The Problem with Inexpensive Produce

Bargain hunting is so much fun. Finding the lowest prices feels like winning some sort of a game and I enjoy the thrill of a good sale or a low grocery bill just as much as the next person. However, there are some things that are just not worth skimping on. One of those things is fresh fruits and vegetables. While there are some very compelling reasons why people shift from buying from local producers to the produce aisles at the grocery stores, there are as many reasons to re-evaluate that decision. Richard Marosi and Don Bartletti of the LA Times have been investigating the conditions of the laborers in Mexico, called “Product of Mexico”. This is where most of the produce we see in the grocery stores comes from (especially tomatoes, peppers, and cucumbers). I highly recommend that you read the full, eye-opening article here. After reading this article, I have seriously re-evaluated my decisions.

Here in Austin, we have a thriving food scene. From restaurants to producers’ only Farmers’ Markets, local is hip. However, for most people (me included) shopping at grocery stores is still a part of the reality of our food system. Without even taking into account organic vs. conventional, produce imported from other countries (especially if it is out of season in Texas) tends to be either the cheaper or the only available option. However, those savings are the results of workers being paid low wages (reportedly about $8 a day) and poor living conditions of workers. In the article, Marosi and Bartletti found that laborers working in the fields and living in the labor camps suffer basic human rights abuses including withholding wages, unhygienic living conditions, insufficient or overpriced food, and more.

While this is a huge and complex problem, the good news is that there are actions that are being taken to improve the current situation. The documentary Food Chains (full disclosure: I haven’t seen it, although I am dying to!) follows the Coalition of Immokalee Workers in Florida and their Fair Food Program (FFP). One of the elements of the FFP is a “penny per pound” increase in pay by participating buyers that goes directly into the paychecks of the workers. Other elements include more legal protection and ongoing audits of the farms. Read more on their website here.

What can you and I do? We can reflect on the ripple effects that our shopping habits have within the local, national and international food systems; we are not shopping in a vacuum. We can prioritize strengthening our local farmers by eating in season, shopping at markets and farm stands and signing up for CSA’s. By checking the stickers on our produce at the grocery store, we can choose Florida-grown tomatoes over Mexican until conditions for workers change. Also, we can vote with our money; if we stop demanding artificially cheap produce from our grocery stores, they will stop providing it. The article states, “American companies have not made oversight a priority because they haven't been pressured to do so.” You and I can make it a priority!

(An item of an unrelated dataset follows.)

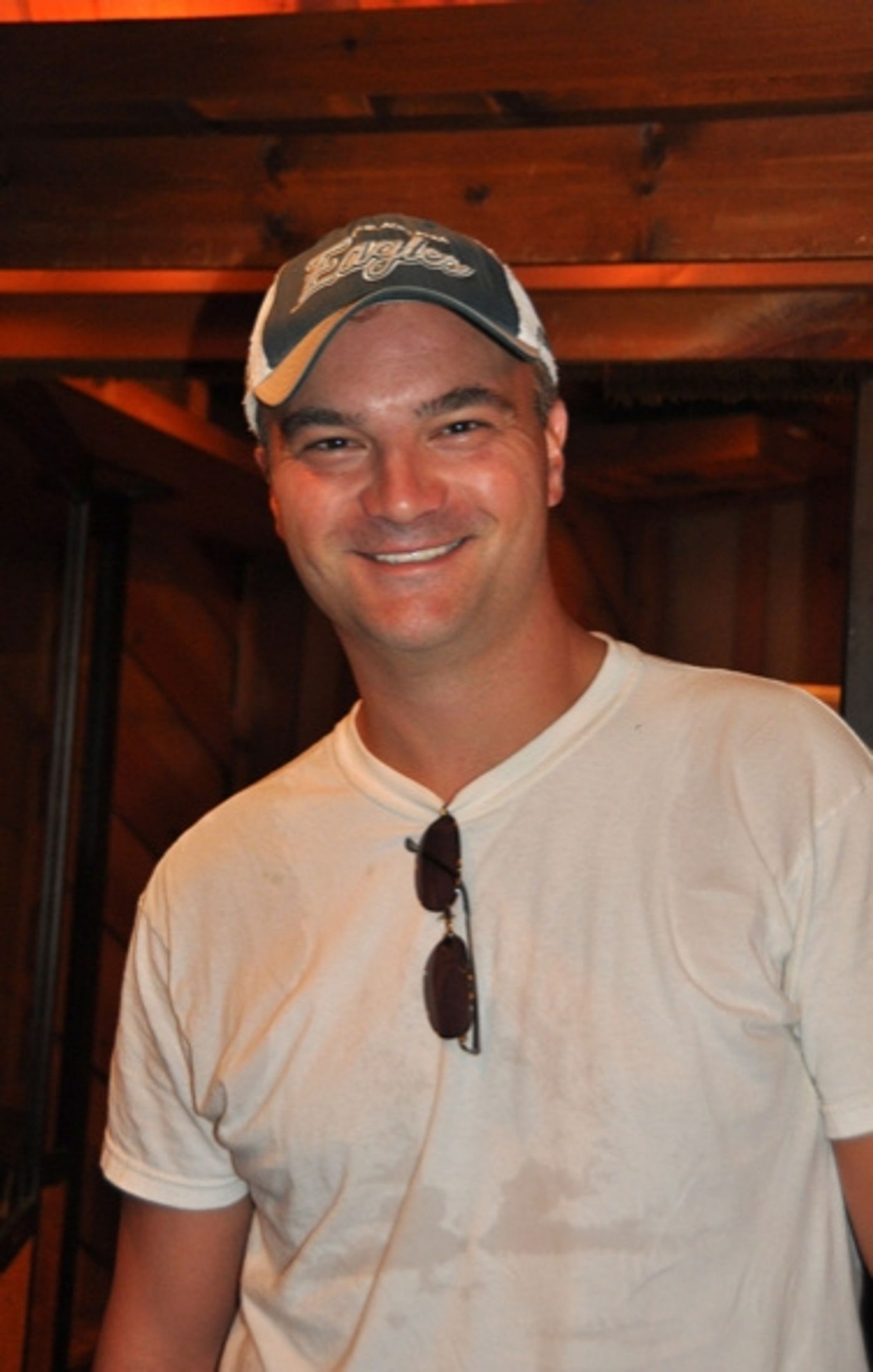 Photo Coverage: CATCH ME IF YOU CAN Sings For 'Carols For A Cure'  Image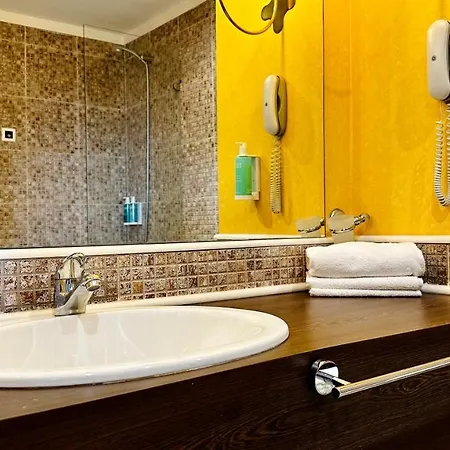 Apartahotel Royal - Modern & Private In Center Sunny 4*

Will this require some flexibility with your budget and with your diet? Yes, definitely. Is that inconvenience on our end really worth the mistreatment of workers? I don’t think so. I do also want to acknowledge that not everyone has the privilege or the means to make these kinds of changes in their grocery shopping habits. But if you do, let’s work together to stop hunting the grocery aisle for bargains and start demanding a more just food system!